You’re fresh out of college, you’ve got a boyfriend and you’re both paying off student loans. This means that unless it’s payday you’re probably feeling broke. But you miss dining out and having a good time, thanks to always running out of cash before payday. What’s the solution?
Dining out is one of the top three things gay men in America spend money on. That means, for those of us without control of our spending, it’s likely a leading reason we’re in debt. When we changed our dining out habits with some of these below tips, we got our spending under control.

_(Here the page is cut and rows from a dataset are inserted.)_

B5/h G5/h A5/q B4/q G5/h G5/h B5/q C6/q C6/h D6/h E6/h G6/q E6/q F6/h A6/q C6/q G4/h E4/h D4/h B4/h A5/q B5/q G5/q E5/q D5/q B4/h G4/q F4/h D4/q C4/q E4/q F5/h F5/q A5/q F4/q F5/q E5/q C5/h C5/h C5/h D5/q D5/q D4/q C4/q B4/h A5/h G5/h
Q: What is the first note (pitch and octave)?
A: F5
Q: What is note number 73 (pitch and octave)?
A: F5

Here are three tips on how to save money when dining out:
1. Split your meals.
With places like Chipotle, Garbanzos and Biju’s Little Curry Shop serving larger portions, it’s not hard to find dishes that, when paired with a side, become a meal for two.

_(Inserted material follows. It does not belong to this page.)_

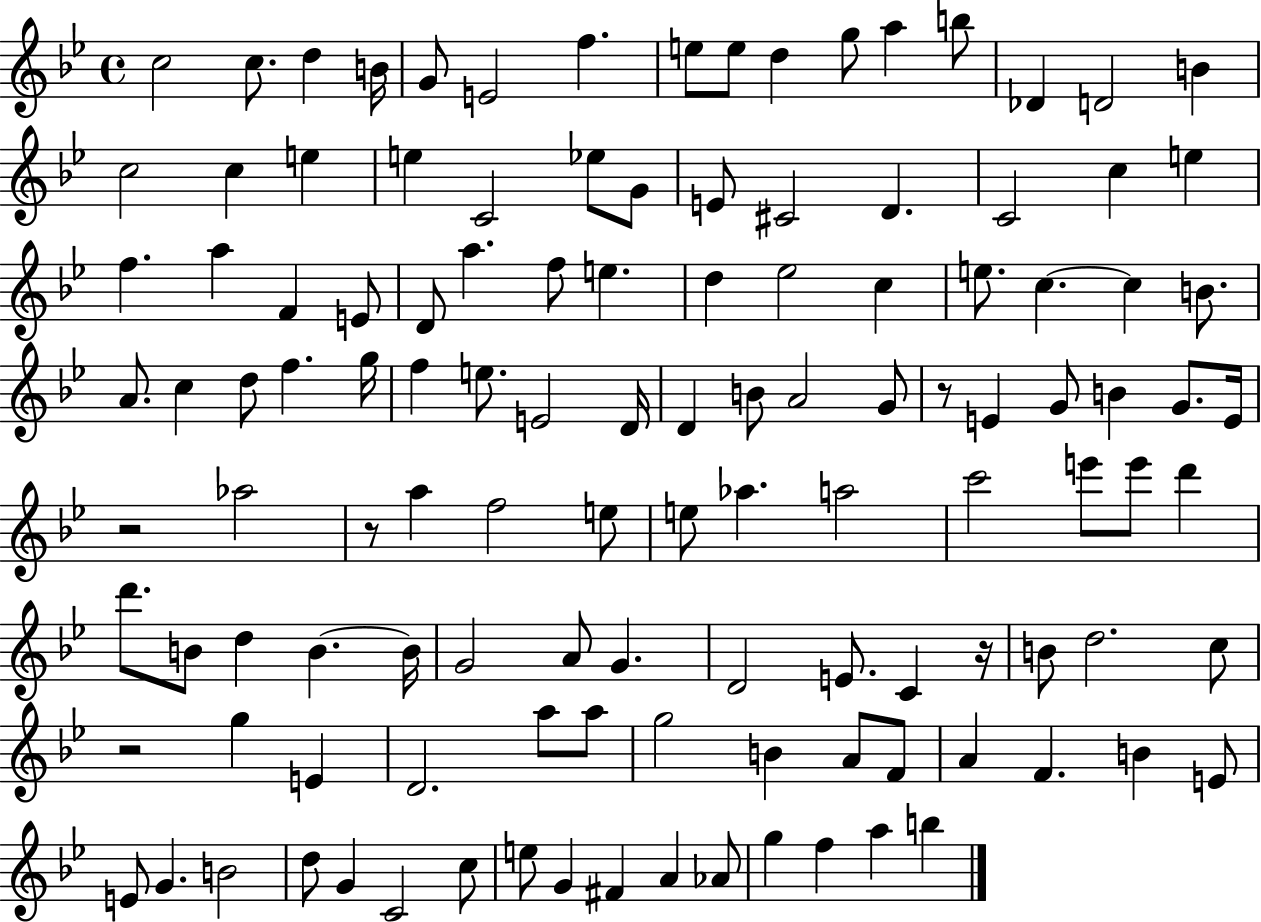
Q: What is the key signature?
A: BES major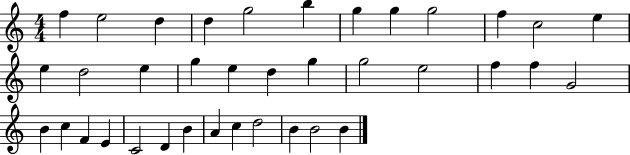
F5/q E5/h D5/q D5/q G5/h B5/q G5/q G5/q G5/h F5/q C5/h E5/q E5/q D5/h E5/q G5/q E5/q D5/q G5/q G5/h E5/h F5/q F5/q G4/h B4/q C5/q F4/q E4/q C4/h D4/q B4/q A4/q C5/q D5/h B4/q B4/h B4/q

Our fav is splitting a burrito bowl with guac and chips and two cups of fizzy water for $14. We find that splitting a meal and a side is filling enough, as these dishes average 1,500 to 2,000 calories. We keep our bottom line and our waistlines in check.
2. Only use cash.
The average person using a credit or debit card spends 12–18% more than if they used cash. When we only use cash, we can’t overspend. With credit or debit cards, if we only want to spend $25 and we see an appetizer and a main dish for $9 and $15 respectively, we’ll get both. This means we’ll spend $24 plus 20% to 25% on tax and tip. Now that $25 has blown to $30.

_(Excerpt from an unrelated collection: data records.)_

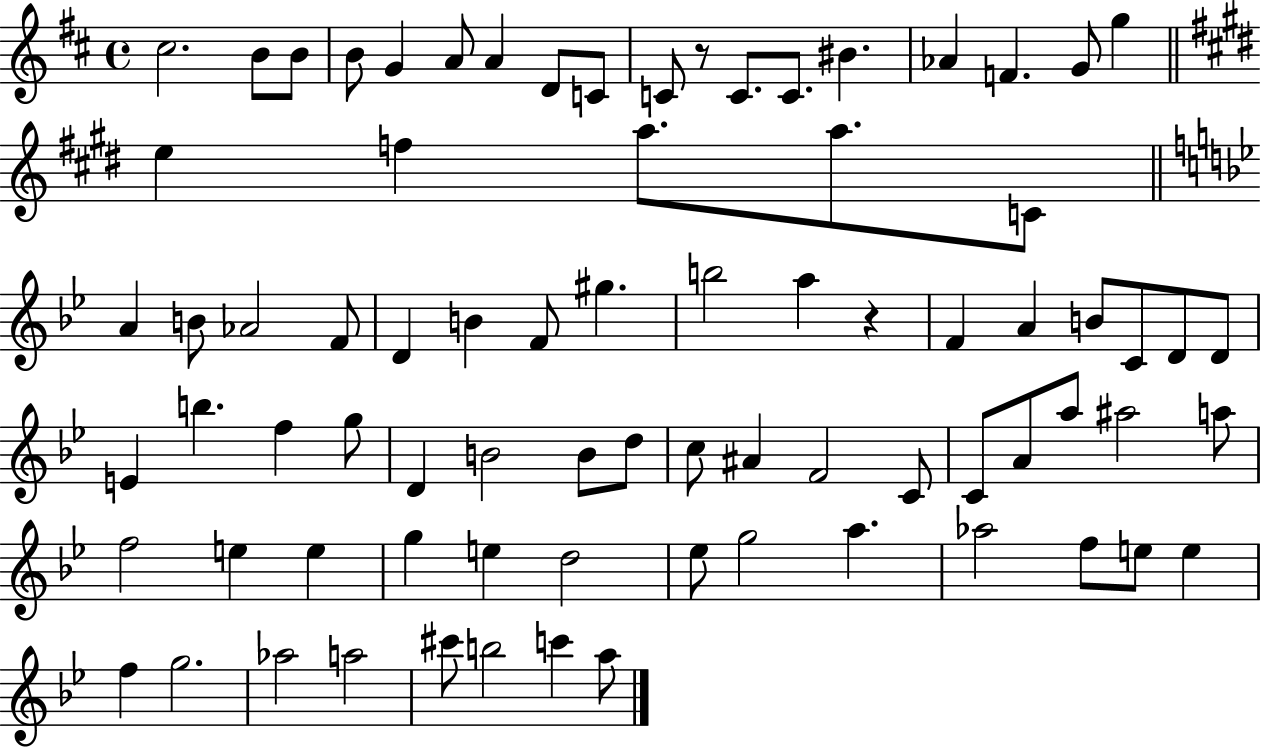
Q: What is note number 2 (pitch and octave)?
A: B4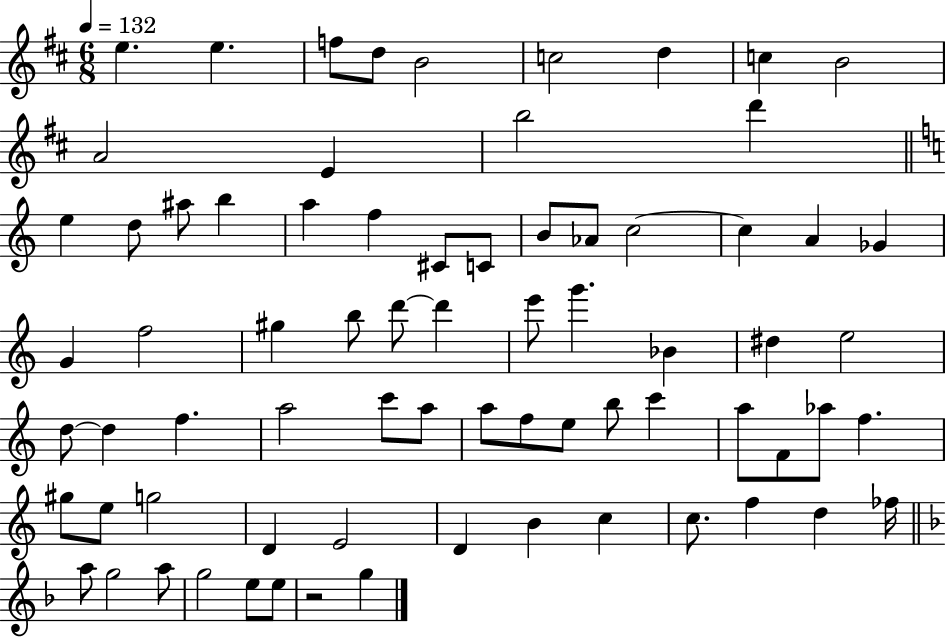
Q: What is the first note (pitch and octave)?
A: E5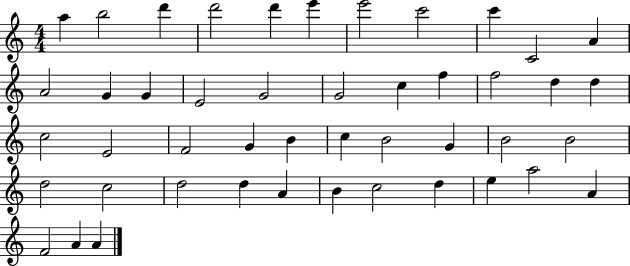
A5/q B5/h D6/q D6/h D6/q E6/q E6/h C6/h C6/q C4/h A4/q A4/h G4/q G4/q E4/h G4/h G4/h C5/q F5/q F5/h D5/q D5/q C5/h E4/h F4/h G4/q B4/q C5/q B4/h G4/q B4/h B4/h D5/h C5/h D5/h D5/q A4/q B4/q C5/h D5/q E5/q A5/h A4/q F4/h A4/q A4/q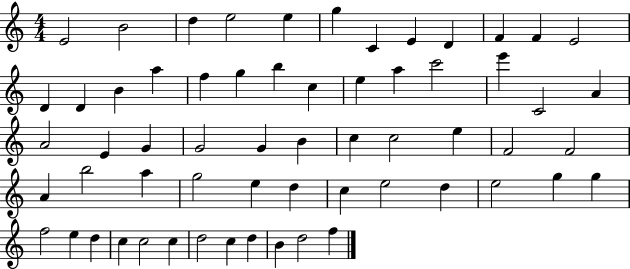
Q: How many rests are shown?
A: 0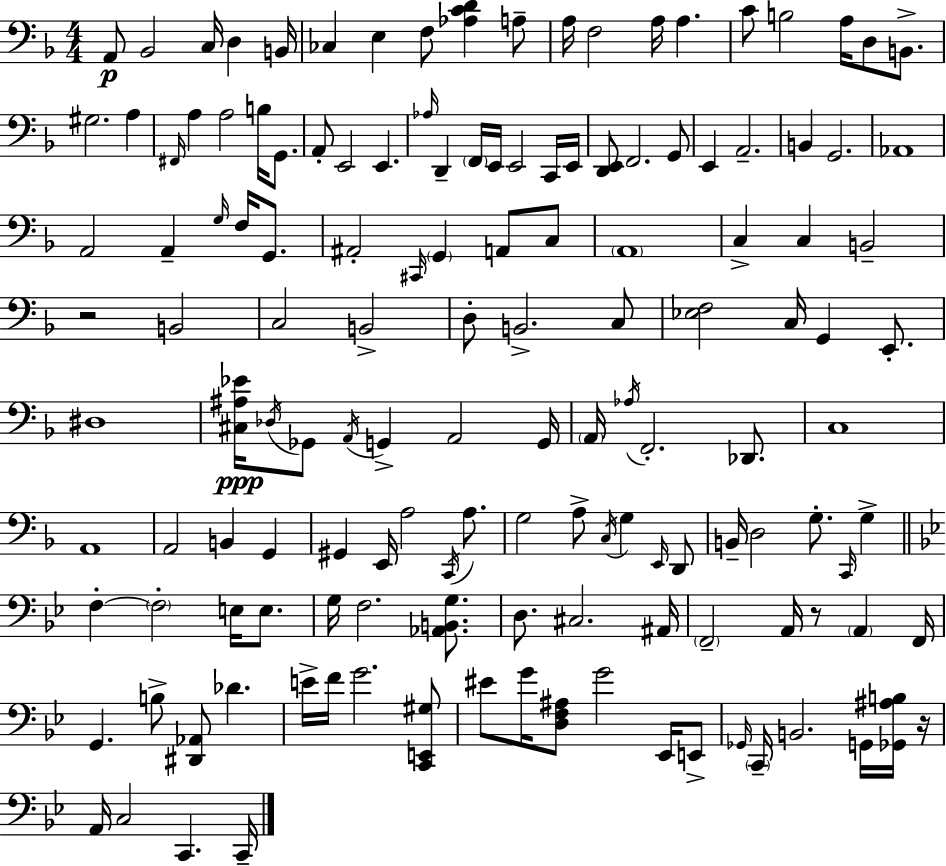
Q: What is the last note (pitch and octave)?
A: C2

Do that five or six times a month, and you’ve already blown your budget by $30–$40. Do that all year and you’ve spent an additional $350 to $500 for just one person.
3. Order efficiently.
Finally, order efficiently. We rarely get chicken or spaghetti when we dine out. Like a salad that costs $15 at a restaurant, they’re too easy to prepare ourselves. There’s also no reason to pay a lot for low-calorie/low-nutrition food, like iceberg lettuce. Pasta with a jar of sauce costs $6 at the store and you can whip that up in 15 minutes. To save money when dining out, order efficiently and get your money’s worth.